I wrote a piece on Grit Lit a little over a week ago. And then I ordered from amazon a used copy of Grit Lit: A Rough South Reader, edited by Brian Carpenter and Tom Franklin, and as soon as I got it I read Franklin’s preface, and immediately I thought Shit, man, I don’t know doodly squat about this stuff. Where do I get off writing about it like I know what I’m saying.
I read the preface and just the first few pages of From A Childhood: The Biography of a Place by Harry Crews. And then I forced myself to put the book aside because I was halfway through with Margaret Atwood’s Cat’s Eye (which is entertaining but nowhere near as good as my favorite Atwoods, Handmaid’s Tale and Oryx and Crake), and my good friend the poet Larry Johnson had recently given me a copy of Mishima Aesthetic Terrorist: An Intellectual Portrait by Andrew Rankin,a book about the enigmatic Japanese writer who committed ritual suicide. I promised myself I would finish Cat’s Eye and read Mishima before tackling Grit Lit.
But I did read enough of From Childhood to come across this:
“Did what I have set down here as memory actually happen? . . . I do not know, nor do I any longer care. . . . They are true because I think they are true. . . . Nothing is allowed to die in a society of storytelling people—carted up and brought along from one generation to the next.
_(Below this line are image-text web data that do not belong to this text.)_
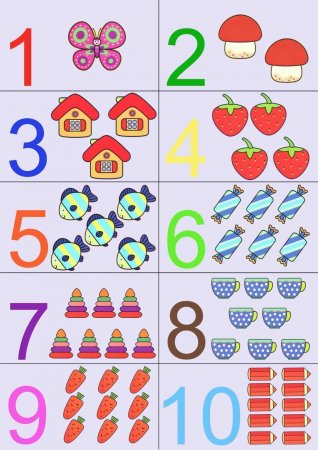 Учим цифры для детей 2-3 года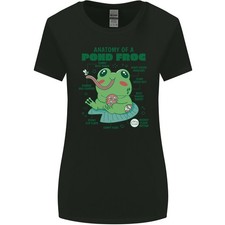 Körperbau eines frosch - eines,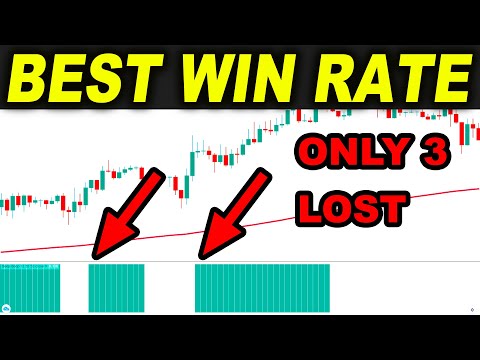 How this Trading Strategy has MORE than 70% WIN RATE with Proof... Intraday Trading Strategies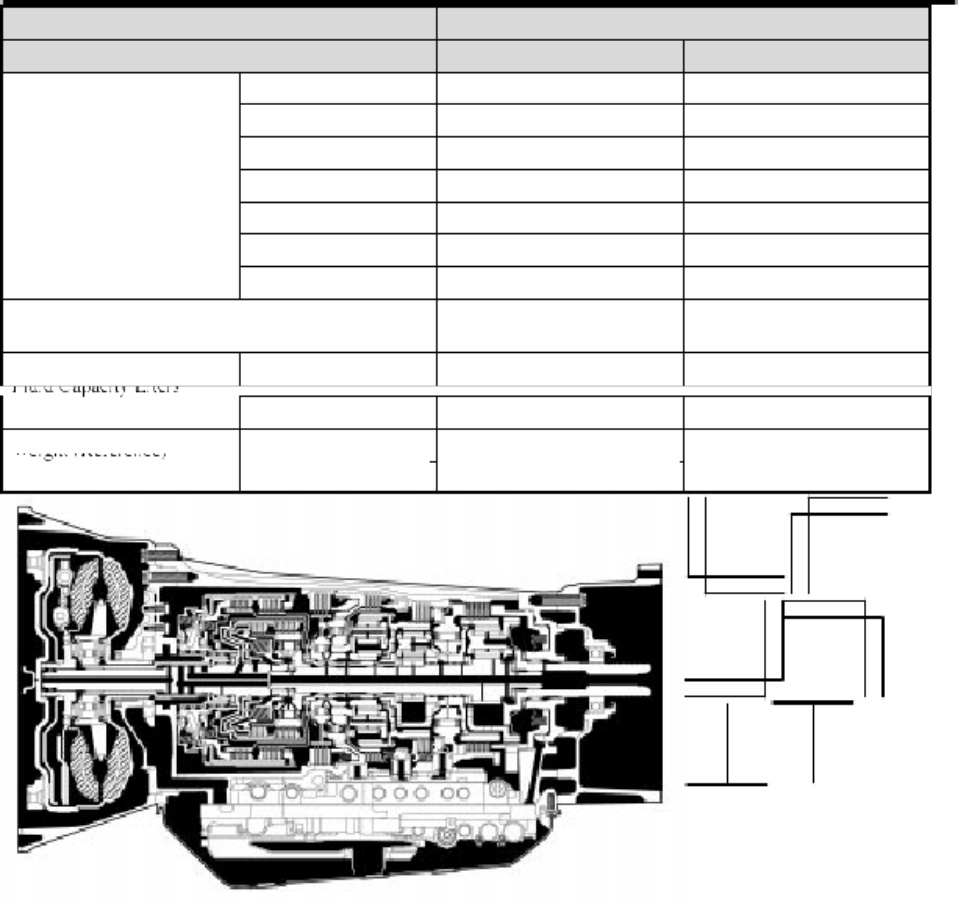 Sample 2 of Technical Document AB60E_F Automatic Transmission Spec Technical Manual [PDF]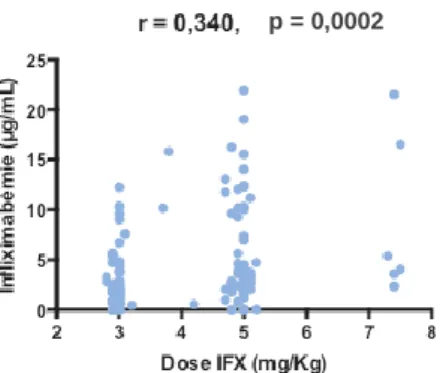 Figure  9.  Infliximabémie  selon  l’espacement  des  perfusions,  toutes  doses  confondues  (médiane  [25p;75p])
And everything that is brought along is colored and shaped by those who bring it.”
I think Crews was speaking for all southern writers when he wrote that, and maybe not just southern. It certainly sounds like me and my dependence on and tweaking of memory. The only difference between us (other than Crews’s success and my lack thereof) is that he lived a much more down-and-dirty, rough and story-worthy life, while I grew up the epitome of a well-loved, middle class white boy.
From the description on amazon: “Crews was born in the middle of the Great Depression, in a one-room sharecropper’s cabin at the end of a dirt road in rural South Georgia. If Bacon County was a place of grinding poverty, poor soil, and blood feuds, it was also a deeply mystical place, where snakes talked, birds could possess a small boy by spitting in his mouth, and faith healers and conjure women kept ghosts and devils at bay.” I heard about a lot of that kind of stuff when I was young, but I never lived it.
Grit Lit is chock full of memoirs and stories by such great writers as Dorothy Allison, Larry Brown, Barry Hannah, Crews, and many more. You could hardly go wrong by ordering it or, for that matter, by ordering anything by that cadre of writers.